Hanioğlu: "Tabii birçok kırılma noktası var. Ama şu anda ne olduğunu anlayabilmek için başvurabileceğimiz en önemli kırılma noktası Birinci Dünya Savaşı. Çünkü Birinci Dünya Savaşı’na kadar olan dönemde birkaç yüz yıllık bir düzen var. Bu düzenin sorunları var mı yok mu o başka bir konu. Ama iyi, kötü belli şekilde işleyen, kendini değiştiren, mesela Tanzimat değil mi, sonunda bütün sistemi değiştiren, ilişkileri değiştiren birtakım kırılma noktaları var. Ama sonunda bir devamlılık söz konusu. Yani değişim de var ama devamlılık da söz konusu. 1914’ün getirdiği kırılma noktası, yani 1918’den sonra oluşturulan yeni Orta Doğu’ya bakacak olursanız bu artık bambaşka bir yer. Bunu 1914 öncesine bakarak hiçbir şekilde anlayamıyorsunuz. Bu bambaşka bir düzen ve hatta şu anda geldiği nokta bir düzensizlik. Statüko yokluğu diyebileceğimiz bir şey var bu bölgede. Bunun kırıldığı yer de aslında 1914."
Milat olarak almamız gereken değişim ve dönüşüm sırası nedir sizce?
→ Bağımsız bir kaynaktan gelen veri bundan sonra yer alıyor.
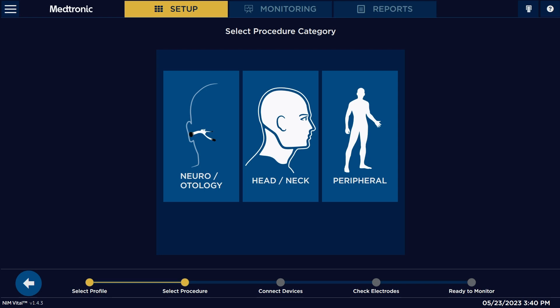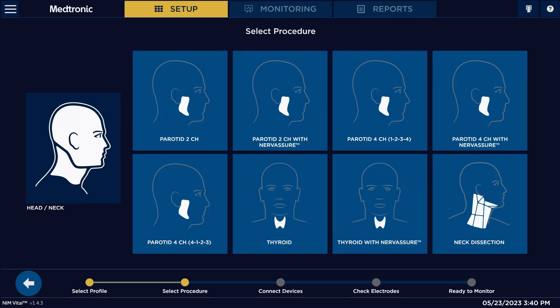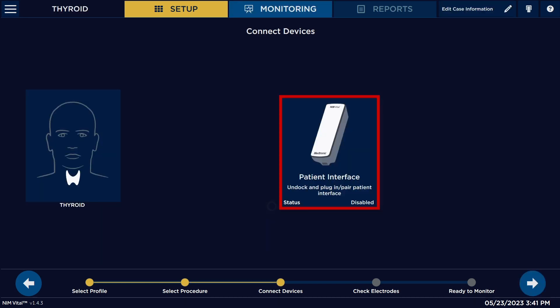So let's say we're wanting to do a thyroid case. We're going to hit head and neck, and then here are all the different sub-procedures that go under head and neck — for example, parotid, neck dissection, or thyroid. So let's pick thyroid. We pick thyroid and now it's asking us to undock our patient interface.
Cevap: "Bence tabii 1914. Yani burada tabii sonunda bir imparatorluk vardı. İki şey: 1-Balkan harpleri. Sonunda Osmanlı Devleti’ni büyük çaplı bir devlet olmaktan çıkardı. Balkanlarda bir statüko oluştu. Hemen akabinde gelen Birinci Dünya Savaşı da Orta Doğu’nun yarısı diyebileceğimiz bir büyüklükteki bir bölümünün tek idare altında bulunmasına son verdi ve burada yeni yapılar oluşturdu. Yani günümüzden bakacak olursak iki büyük kırılma noktası bunlar. Ama daha da geriye gidecek olursak, Osmanlı bu bölgeye nasıl geldi, Türkler bu bölgeye nasıl geldi, başka kırılma noktaları da bulursunuz. Ama günümüzden ve epey geriye gidebileceğimiz bir noktaya kadar olan geçmişten baktığınızda ilk kırılma noktası 1914. Yani Balkan Harpleri ve Birinci Dünya Savaşı."
''Sykes-Picot, Sazanov uzlaşması bölgede yeni devlet oluşturdu''
Bugün yaşananları daha doğru anlamak adına tarihin hangi dönemine kulak kabartmak gerekiyor?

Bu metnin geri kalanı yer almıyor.